Who or what inspired you to become a writer? 

I had studied creative writing and script writing in college and I belonged to a writers 
group, but I had mostly been telling my stories via narrative art and illustration. 
I had been considering a graphic novel approach for the evolving story that was to 
become Orphans of the Storm, when my wife, Sherri, suggested that I write it as 
a novel. What a novel idea. My experience as a storyteller made this daunting task 
much easier than expected. Sherri is often my muse.

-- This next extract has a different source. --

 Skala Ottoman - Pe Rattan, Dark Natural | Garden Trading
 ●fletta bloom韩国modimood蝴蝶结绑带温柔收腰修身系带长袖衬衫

When you’re not writing, how do you spend your time? 

I enjoy watching movies, 
especially good ones. I do some reading almost every day, and lately I have been 
watching a few shows on Netflix; I especially like Stranger Things and 
The Defenders. I teach several classes in Comic Book Illustration and I spend a lot of 
time preparing for those. I create single panel cartoons for my comic strip, The Edge
I like to spend my off-time with my wife and kids, doing whatever. Sherri and I enjoy 
travel, and we go exploring two or three times a year.





And here he is...

Vance Bessey is a published Author, Illustrator and Cartoonist as well as a Patented Inventor. He is a traveler who now resides in his home state of Maine with his wife Sherri. He has four grown children. He is a graduate of the Joe Kubert School of Narrative Art, where he learned much of what he knows about storytelling from industry greats like Joe Kubert and Greg Hildebrandt. He is the Author of such books as Awk the Awkward Penguin and Only in Maine as well as the comic strips The Edge and Only in Maine. He has also authored and illustrated comic books. 
He has worked as an award winning Graphic Designer and teaches courses in; Script Writing, Narrative Art, Plot Development, Deconstructing Story Lines, Character Development, Graphic Novel Illustration and Storytelling. The novel, Orphans of the Storm, was inspired by bedtime stories he told his children over the years. As an Illustrator, he has already prepared many character illustrations for the book as well as illustrating the cover.